Taste of the Terrace: Are football clubs playing too many matches?

Crawley Town fan Geoff Thornton gives his news in  his new column SUS-150216-162649002
Crawley Town fan Geoff Thornton gives his news in his new column SUS-150216-162649002

The clash of the Beast From The East and Winter Storm Emma was climactic – pun very much intended.

Crawley Town’s match with Wycombe Wanderers was called off because of a frozen pitch along with the vast majority of fixtures across the country.

I admit to being secretly pleased at being allowed some extra recovery time from my accident but disappointed that the club’s enterprise in laying frost covers went unrewarded.

I also chuckled that they planned the pitch inspection for the day with the worst forecast.

The decimation of the fixture list unsurprisingly raised the question of a winter break.

The stupidity of that idea is shown by the fact that it is now spring in meteorological terms.

We all know you cannot legislate for the weather in this country and it would be crass to sit out a planned break in January to then find pitches unplayable through frost or snow in February.

I wonder if we are trying to fit in too much football. The fixture lists are overcrowded in my opinion.

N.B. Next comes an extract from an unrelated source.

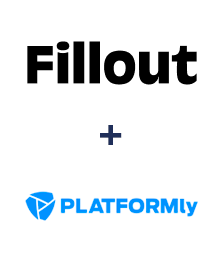 Einbindung von Fillout und Platformly Einbindung von Fillout und Platformly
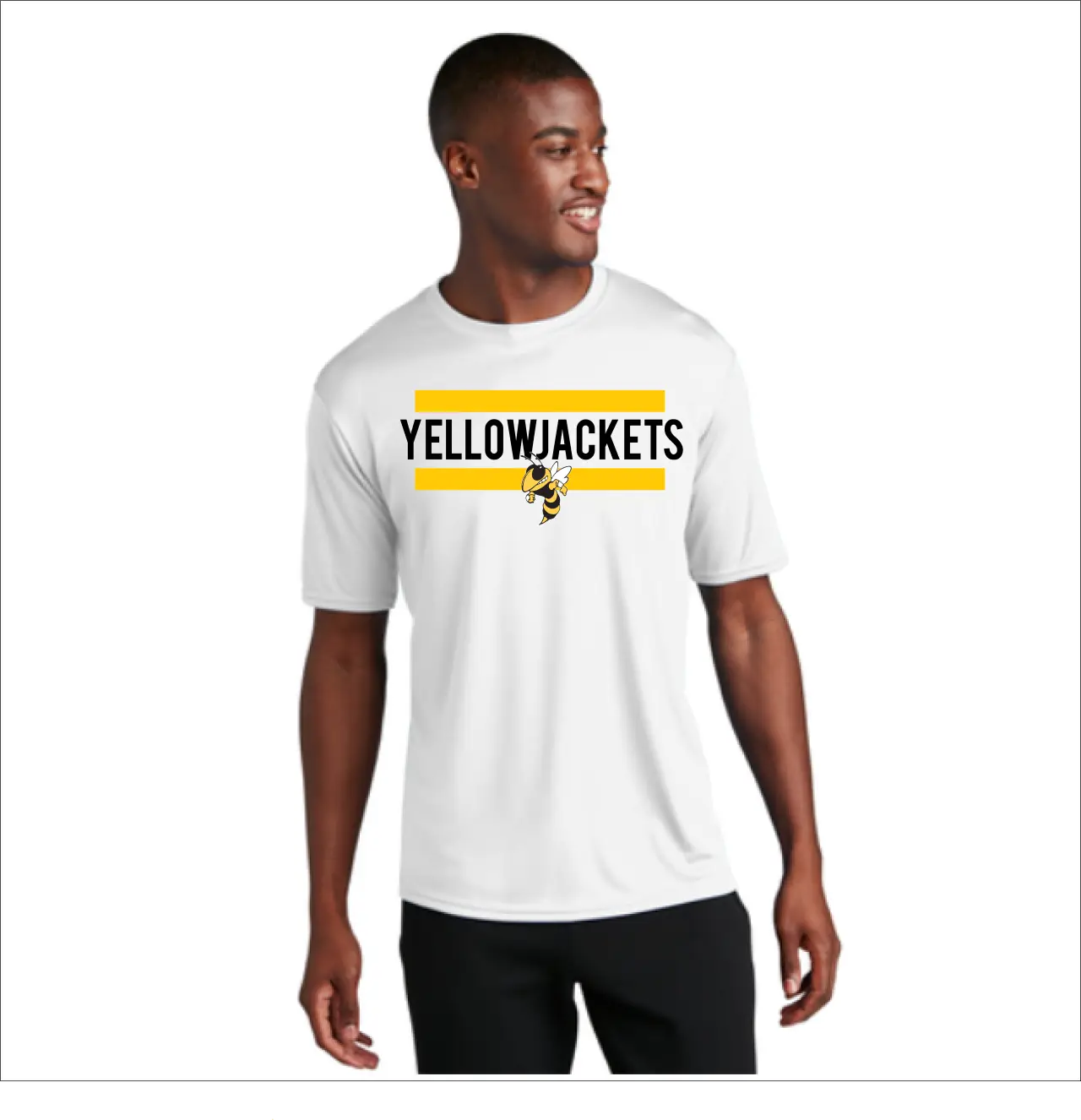Port & Company® Performance Tee with Team Name & Mascot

The time was when the winter game was played from September to April but now it is August to May.

The top clubs whinge about having to play twice in four days but can’t wait to jet off to their lucrative summer tournaments.

Today’s Premier League is all about making money as evidenced by the ludicrous sums paid out in transfer fees and in player salaries.

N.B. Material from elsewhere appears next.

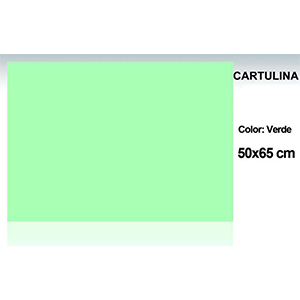 cartulina Pastel Verde claro R4U Canarias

As you drop through the divisions down to parks football, the game is more honest and it is the football itself that is most important.

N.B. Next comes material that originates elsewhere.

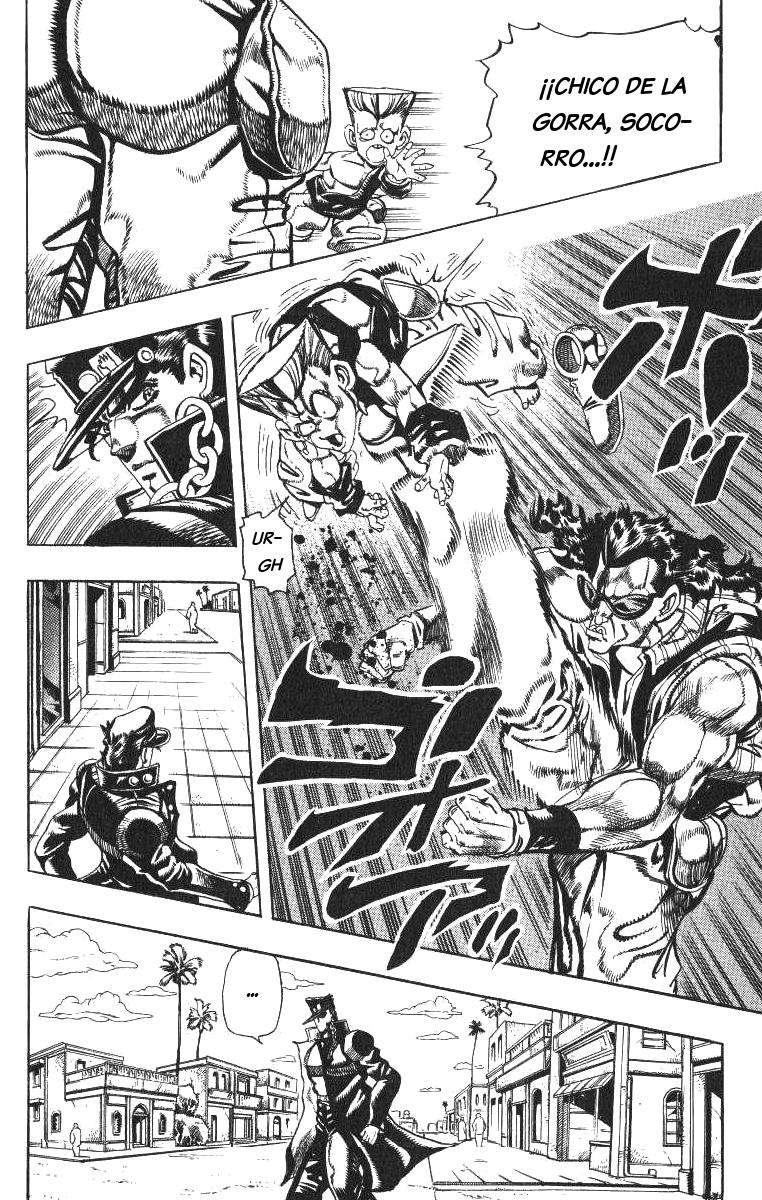 Read JoJo's Bizarre Adventure Parte 3 Stardust Crusaders ES Manga Online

Attaining more quality might be helped by reducing quantity.

The EFL divisions of 24 clubs are too big and it was a shame the recent proposal for five divisions of 20 clubs never got off the ground.

Mathematically 16 teams would be best (any multiple of four) but that’s not enough for the professional game.

I recall a season when I was with Ifield when benign weather was not accompanied by any progress in the cups and one of the teams completed their fixtures in February.

Is there any good reason why clubs should not also play midweek as a matter of course?

This could mean that the various cup competitions need not be seen as an inconvenience and might prompt the fixture compilers to use a bit of common sense and try to reduce travel for away supporters.

It is a lesser evil that it is Wycombe fans who will likely have to play here at 7.45pm on a Tuesday rather than those who support Morecambe.

There are plenty of options available but a rethink to reduce congestion and expense is definitely overdue.